Ten+more+booths+are+set+up+in+the+south+portion+of+the+Memorial+Lutheran+Church+for+voters+to+mark+down+their+decisions.

Photo: Yanhua Huang/ Iowa State Daily

Ten more booths are set up in the south portion of the Memorial Lutheran Church for voters to mark down their decisions.

Editorial Board

Every four years, we as a nation come together and decide who will be our president, letting our collective votes choose who will lead our nation. Except that isn’t how it always works. In several cases, our duly elected president did not garner the most votes.

For example, when George W. Bush won the office in 2000, he actually lost the popular vote to Al Gore by more than 500,000 votes. No matter what you think of George Bush or Al Gore, a system that elects a candidate despite coming up half a million votes shorter than his opponent has some serious problems.

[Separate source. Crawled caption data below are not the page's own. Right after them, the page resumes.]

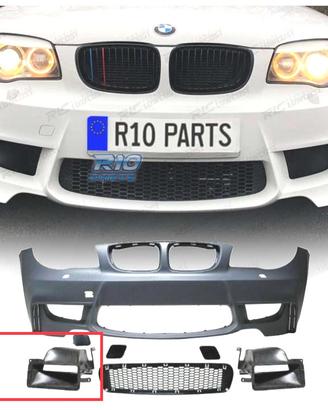 CONDOTTO ARIA FRENI DX BMW E81 E87 E82 E88 LOOK 1M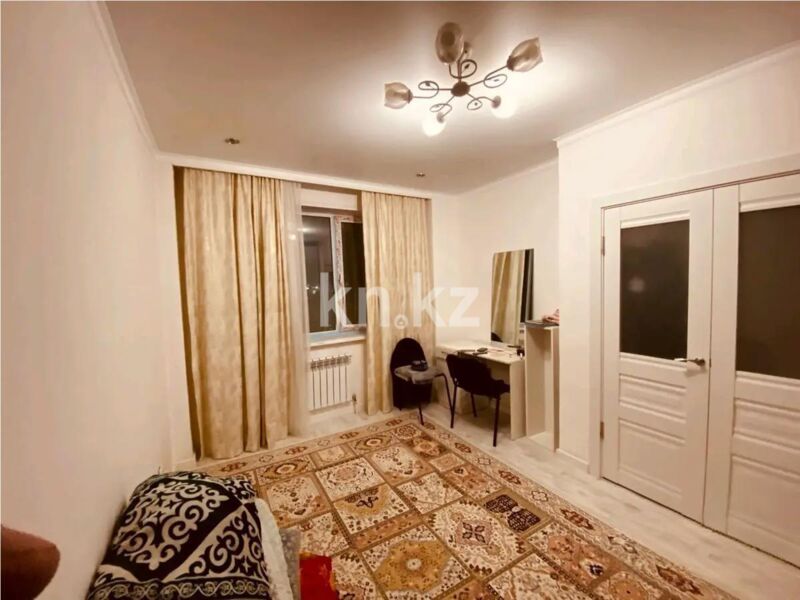 Продажа 1-комнатной квартиры, 35 м² - Продажа квартир от собственников в Астане фото 1 из 4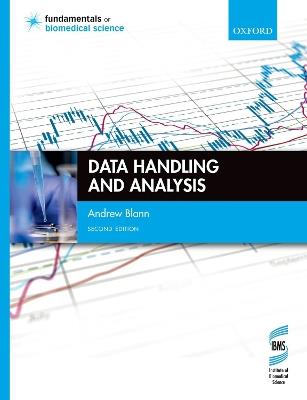 Data Handling and Analysis - Andrew Blann - cover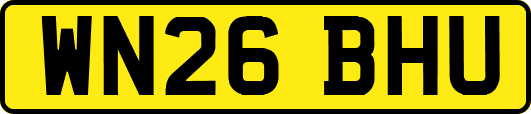 WN26BHU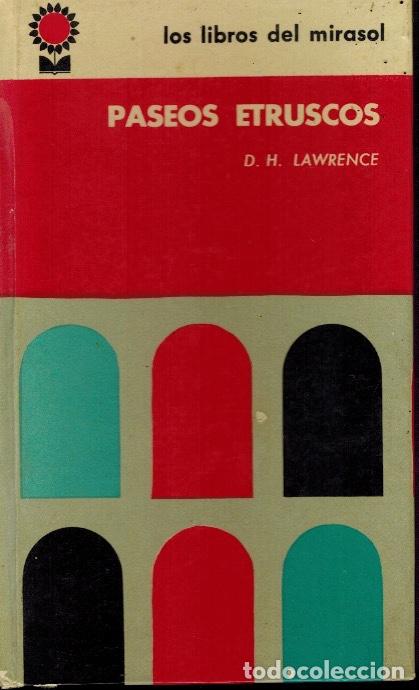 Libros de segunda mano: PASEOS ETRUSCOS - Foto 1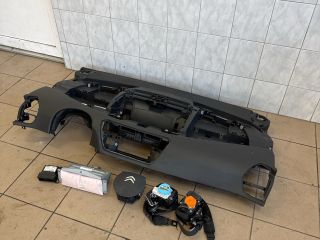 bontott CITROËN C4 PICASSO Komplett Légzsák Szett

Bush won, nonetheless, because our presidential system actually relies upon an electoral college. In our electoral college, each state is allotted a number of electors equivalent to the number of federal representatives and senators they have in Washington D.C., which receives three electors itself.

When we vote for a presidential candidate, we actually vote for special electors, who have already pledged their vote. In all states except Maine and Nebraska, all of the electoral college votes go to whatever candidate was chosen by the most voters. In Maine and Nebraska, the various congressional districts are allowed to vote independently.

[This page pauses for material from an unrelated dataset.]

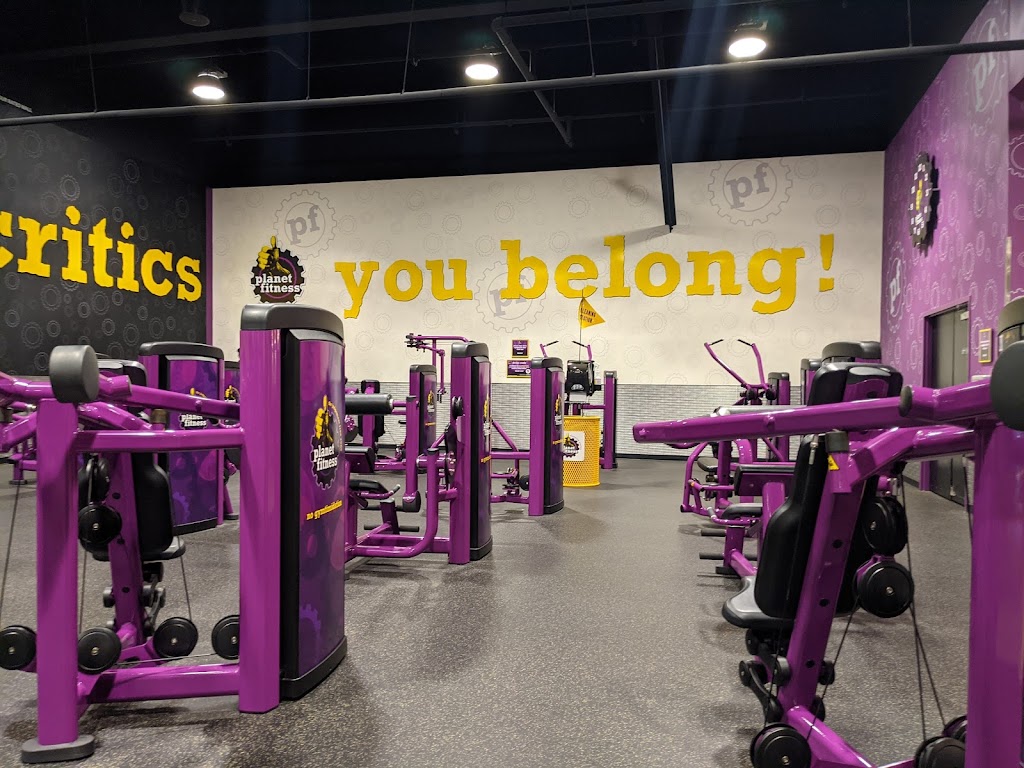  Planet Fitness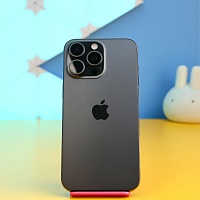 Смартфон Apple iPhone 15 Pro Max 256GB Black Titanium (MU773) Б/У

This system of election was designed to give more power to the states as states, and represents a compromise between the way representation is decided in the two houses of Congress — purely by population for the House of Representatives and by equal representation for each state in the Senate.

By giving each state a minimum three votes, the electoral college actually makes the votes of those of us in smaller states like Iowa more powerful than the votes of those in larger states. Beyond this, the electoral college gives additional power — or at least additional attention — to so-called swing states, or states that could reasonably vote for either major party’s candidate.

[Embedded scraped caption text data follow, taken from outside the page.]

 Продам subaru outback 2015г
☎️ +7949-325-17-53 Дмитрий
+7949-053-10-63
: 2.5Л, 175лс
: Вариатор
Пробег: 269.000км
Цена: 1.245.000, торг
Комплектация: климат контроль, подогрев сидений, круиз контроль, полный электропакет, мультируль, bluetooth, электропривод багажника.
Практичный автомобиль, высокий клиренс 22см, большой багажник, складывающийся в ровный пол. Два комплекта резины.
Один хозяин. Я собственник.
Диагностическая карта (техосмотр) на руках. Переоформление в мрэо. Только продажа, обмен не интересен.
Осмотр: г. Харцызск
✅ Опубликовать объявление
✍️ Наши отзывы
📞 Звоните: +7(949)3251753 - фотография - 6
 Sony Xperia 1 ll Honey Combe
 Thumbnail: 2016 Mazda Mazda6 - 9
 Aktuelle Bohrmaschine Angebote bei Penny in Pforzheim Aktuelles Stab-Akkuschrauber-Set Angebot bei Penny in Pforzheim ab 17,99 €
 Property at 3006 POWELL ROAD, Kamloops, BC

For many years, there have been grumblings about the electoral college and the way it can skew our presidential election. Lately, a movement called the National Popular Vote Compact has been gaining momentum with ten states — most recently including New York and its 29 electoral college votes — signing on.

The compact assures voters that states which sign will give their electoral college votes to whichever candidate wins the national popular vote.

However, this compact will not go into effect until states representing 270 electoral votes, the absolute majority required for a candidate to win an election, have signed on. With New York, the current vote total is 165, more than a few short of the stated goal.

Our founders certainly had reasons for creating the system they did. Back when our Constitution was written on fresh paper, we were not a nation of people as much as we are now. We were a nation of states, and those states had their own interests. That is why the Senate was originally elected by state legislatures, and that is why constitutional amendments can be proposed by a convention of state legislatures.

With a majority of Americans saying they would vote “for” doing away with the electoral college, according to a 2013 Gallup poll, there is significant opposition to the system. It would seem that it only persists because it gives some of us an unfair advantage.

With modern technology and education, every American should have an equal say in who our president will be. With an ever-increasing focus on swing-states — and less and less attention being paid to those in so-called “safe” states — we can all see something isn’t right in our presidential elections. As it happens, that something is the electoral college.